2008 presidential campaign

After the Center for American Progress, Deese joined Hillary Clinton's presidential campaign as her economic policy director. After Clinton was defeated in the primaries, Deese went to work as an economic advisor to the Obama-Biden campaign.

Following the 2008 presidential election, he served as a member of the Economic Policy Working Group for the presidential transition.
National Economic Council

At the start of the Obama Presidency, Deese was appointed as a Special Assistant to the President for economic policy, serving in the National Economic Council (NEC). According to The New York Times, he emerged as "one of the most influential voices" on the auto industry, and specifically the Chrysler and GM bailouts.

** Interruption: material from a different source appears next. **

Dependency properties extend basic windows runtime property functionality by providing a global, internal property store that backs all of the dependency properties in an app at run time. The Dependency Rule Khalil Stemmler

In 2011, Deese was named Deputy Director of the NEC. In this role, he coordinated policy development for the White House on taxes, financial regulation, housing, clean energy, manufacturing, and the automotive industry. According to The New Republic, he was among Washington's "most powerful, least famous people".
Office of Management and Budget
Deese was named Deputy Director of the Office of Management and Budget in the summer of 2013. He briefly served as the Acting Director in summer 2014, between the departure of Sylvia Mathews Burwell and the appointment of Shaun Donovan.
Senior Advisor to the President
Following the departure of John Podesta, Deese took over his brief on Climate and Energy. Unlike Podesta, who served as Counselor to the President, Deese was promoted to the position of Senior Advisor to the President. In this position, Deese played an influential role in negotiating the Paris Climate Agreement in December 2015. Along with Katie Beirne Fallon, Deese helped to negotiate the 2015 Bipartisan Budget Act, which replaced the budget sequestration and increased federal spending by $80 billion over two years. In February 2016, the President tapped Deese to oversee the Supreme Court nomination process, which led to the President's nomination of Chief Judge Merrick Garland to the Supreme Court on March 16, 2016.